Experimental assessment of nozzle flow unsteadiness through optical techniques

This study presents a comparative experimental investigation of two key flow unsteadiness phenomena in an overexpanded thrust-optimized parabolic (TOP) rocket nozzle: the transition from Free Shock Separation (FSS) to Restricted Shock Separation (RSS) and the onset of the End Effect Regime (EER). Using a combination of high-speed Schlieren imaging, oil film visualization, and synchronized wall pressure measurements, the study explores the unsteady dynamics of flow separation and reattachment at varying Nozzle Pressure Ratios (NPR). Higher NPR visualization of cap shock is also showed and presented. A new truncated TOP nozzle was designed and tested in a cold-flow nozzle test rig at Delft University of Technology.
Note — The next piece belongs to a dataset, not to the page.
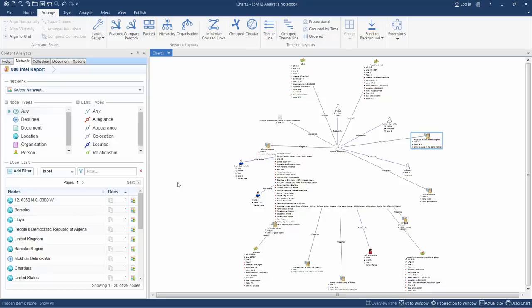In this demonstration, we've seen how much Syntelex speeds up the analysis process with i2.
The truncation influences flow behavior, leading to the onset of EER at lower NPR values (∼26) compared to a non-truncated TOP nozzle. This experimental setup allowed for a detailed analysis of flow unsteadiness associated with EER and the FSS-RSS transition. Pressure measurements confirm that the FSS-RSS transition occurs at an NPR of approximately 22, with a sudden reattachment of the FSS- induced shock to the nozzle wall. This results in strong pressure fluctuations, asymmetry-driven side loads, and the characteristic hysteresis effects between startup and shutdown conditions. At higher NPR, the End Effect Regime (EER) manifests as a global unsteady pulsation of the most downstream separation bubble, driven by external flow interactions at the nozzle lip and intermittent flow oscillations, but without hysteresis. As the reattachment point progresses toward the nozzle exit, the flow exhibits increasing unsteadiness. Comparative CFD simulations using RANS-based models successfully capture key flow structures and show strong coherence with experimental pressure data and internal nozzle flow behavior. These findings provide valuable insights into shock-induced unsteadiness in Thrust Optimized nozzles, contributing to the design optimization of high-thrust propulsion systems, where understanding and mitigating flow separation and side loads are critical for structural integrity and performance.